ボール奪取位置を平均化すると、最も高い位置で奪っていたのはナイジェリアだ。ナイジェリアはタヒチ戦のボール奪取ラインが高く、3試合で大会を終えたため平均値も高くなった。ほか、スペイン、ブラジル、イタリアと続き、少し差が開いたところに日本、ウルグアイ、メキシコと続く。
ベスト4の国々と日本をエリア別に比較すると、敵陣での奪取数はブラジルが圧倒。この5カ国中では、日本は自陣の割合が最も多いという結果となった。
今大会のブラジルの特長の一つに、攻撃陣の守備意識の高さがある。トップ下でプレーしたオスカルの90分当たりのボール奪取数は5.3を記録し、2列目の選手としてはメキシコのグアルダードに次いで高い数となった。
では、ボールを奪ってからシュートで攻撃を終えた割合はどれくらいか?最も高かったのはやはりスペインだ。8チーム中唯一15%を超えている。続くのはナイジェリアとブラジル。シュートを放つ意識が高いチームが名を連ねた。
逆にボールを失い同攻撃内でシュートを打たれた割合を見ると、最も低かったのはブラジル。
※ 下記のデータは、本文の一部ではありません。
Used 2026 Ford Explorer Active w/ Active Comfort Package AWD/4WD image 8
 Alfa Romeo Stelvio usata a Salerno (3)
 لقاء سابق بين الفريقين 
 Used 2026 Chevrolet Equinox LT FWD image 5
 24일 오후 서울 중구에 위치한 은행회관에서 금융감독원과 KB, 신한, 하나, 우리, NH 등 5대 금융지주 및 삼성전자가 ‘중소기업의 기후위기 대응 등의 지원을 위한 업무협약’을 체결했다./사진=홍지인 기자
今大会のブラジルの献身的な姿勢がここでも表れた。
両データともに悪い傾向にあったのは、3位に入賞したイタリアだ。特にボールを失った後の被シュート比率は、タヒチに次ぐ2番目であり、5試合10失点となった要因の一つといえるだろう。攻守が切り替わった後のチーム全体の動きを改善する必要がある。
ドリブルの阻止(=相手のドリブルの失敗)のデータを見ると、対人戦に強いDFを擁するスペイン、ウルグアイ、ブラジルが高く、日本はナイジェリア、イタリアなどの第2グループ。開幕戦ではネイマールのドリブル6本のうち、4本を内田が阻止しており、惨敗の中で唯一の光明となった。
最後に空中戦のデータを紹介。全エリアと敵陣ペナルティエリア内、自陣ペナルティエリア内(以下PA内)の勝率を比較した。チャンピオンのブラジルはチアーゴシウバやルイスグスタボらが高い数値を残したが他の選手が低く、全体としても低い平均となった。
エリア毎で大きく数値が異なる日本は、やはり自陣PA内での競り合いの弱さが目立つ。自陣PA内の空中戦に負けた数は7回で、内田、今野、酒井宏、長谷部、遠藤、本田、前田が1回ずつ負けており、特定の選手が原因ではない。空中戦に強い選手を入れれば解決するだけの問題ではなく、チーム全体としてハイボールに対する守備について再構築する必要がある。